Reflecting on some regret about not trying to join and improve specific org(s)

I started a new job recently, which has prompted me to reflect on my work over the past few years, and how I could have done better.

Concretely, I regret not joining SERI MATS, and helping it succeed, when it was first getting started. 

I think this might have been a great fit for me: I had existing skills and experience that I think would have been helpful for them. The seasonal on-off schedule would have given me the flexibility to do and learn other things. It would have (I think) helped me get a better grounding in Machine Learning and technical alignment approaches.

And if I had joined with an eye towards agentically shaping the organization’s culture and priorities as it developed, I think I would have had a positive impact on the seed that has grown into the current alignment field . In particular, I think I might have had leverage to establish some cultural norms regarding how to think about the positive and negative impacts of one’s work.1 

I regarded MATS as the obvious thing to do. The nascent alignment field was bottlenecked on mentorship—a small number of people (arguably) had good taste for the kinds of research that was on track, but had limited bandwidth for research mentorship, so conveying that research taste was (and is?) a bottleneck for the whole ecosystem. A program aiming to unblock everything else to expand the capacity for research mentorship as much as possible seemed like the obvious straightforward thing to do.

I said as much in my post from early 2023:

There is now explicit infrastructure to teach and mentor these new people though, and that seems great. It had seemed for a while that the bottleneck for people coming to do good safety research was mentorship from people that already have some amount of traction on the problem. Someone noticed this and set up a system to make it as easy as possible for experienced alignment researchers to mentor as many junior researchers as they want to, without needing to do a bunch of assessment of candidates or to deal with logistics. Given the state of the world, this seems like an obvious thing to do.

I don’t know that this will actually work (especially if most of the existing researchers are themselves doing work that dodges the core problem), but it is absolutely the thing to try for making more excellent alignment researchers doing real work. And it might turn out that this is just a scalable way to build a healthy field.

In retrospect, I should have written those paragraphs and generated the next thought “I should actively go try to get involved in SERI MATS and see if I can help them.”

So why didn’t I?

Misapplied notion of counterfactual impact

I didn’t do this because I was operating on the model/assumption that, while this was important, they were doing it now, and were probably not in danger of failing at it.

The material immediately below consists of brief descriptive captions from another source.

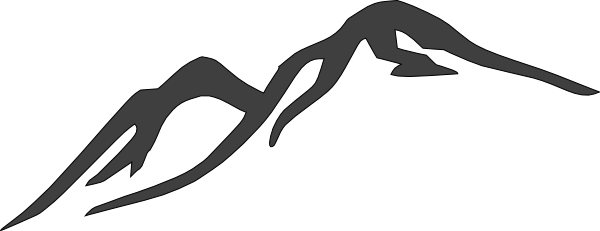 Stylized black silhouette of a rugged mountain range against a white background.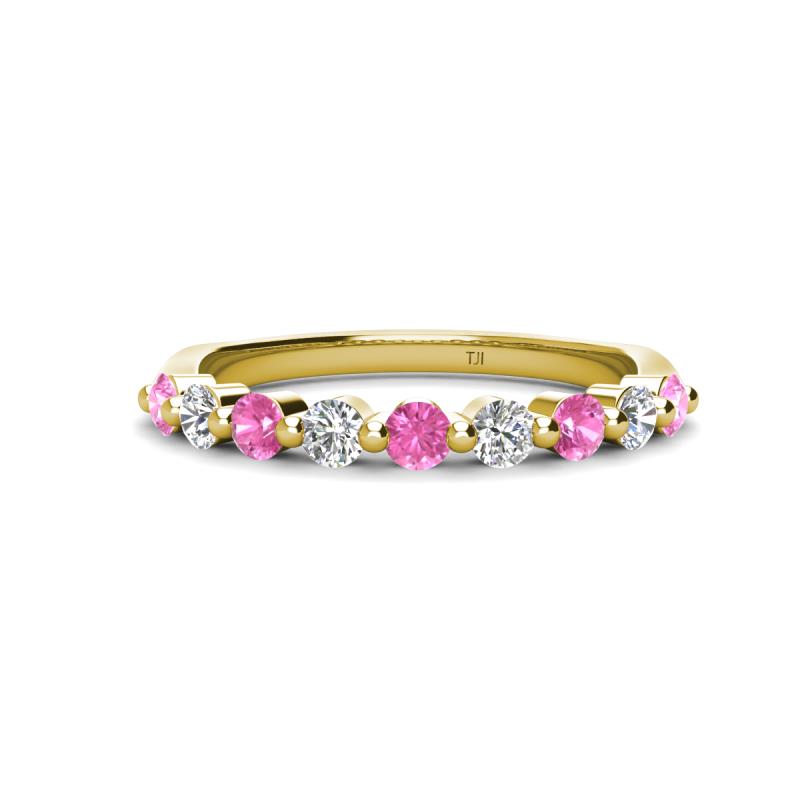 Venice 2.70 mm Round Pink Sapphire and Diamond 9 Stone Wedding Band 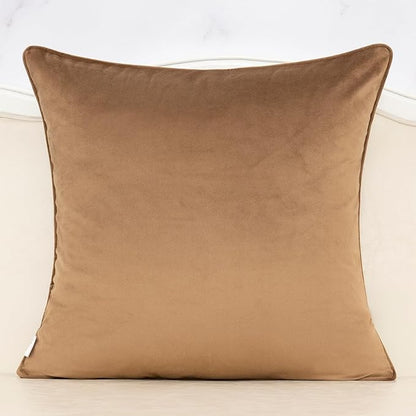 Alerfa Brown Floral Throw Pillow Cover 18 x 18 Inch Cut Velvet Sqaure Luxury Decorative Pillow Cover for Couch Living Room Bedroom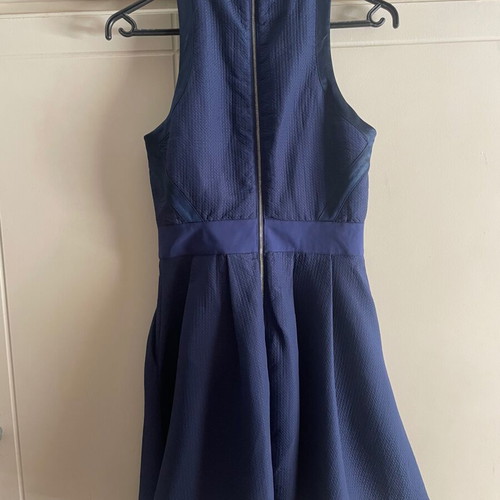 Elisabetta Franchi cocktail dress dark blue like new, Italian 44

It was taken care of and so I didn’t need to do it.

I now think that was probably a mistake. Because I didn’t get involved, I don’t know one way or the other, but it seems plausible to me that I could have contributed to making the overall project substantially better: more effective and with better positive externalities. 

This isn’t because I’ve learned anything in particular about how SERI MATS missed the mark, but just getting more exposure to organizations and adjusting my prior that even if an organization is broadly working, and not in danger of collapse, it might be the case that I can personally make it much better with my efforts. In particular, I think it will sometimes be the case that there is room to substantially improve an organization in ways that don’t line up very neatly with the specific roles that they’re attempting to explicitly hire for, if you have strategic orientation and specific relevant experience.2

This realization is downstream with my interactions with Palisade over recent weeks. Also, Ronny made a comment a few years ago (paraphrased) that “you shouldn’t work for an organization unless you’re at least a little bit trying to reform it”. That stuck with me, and changed my concept of “working for an org”.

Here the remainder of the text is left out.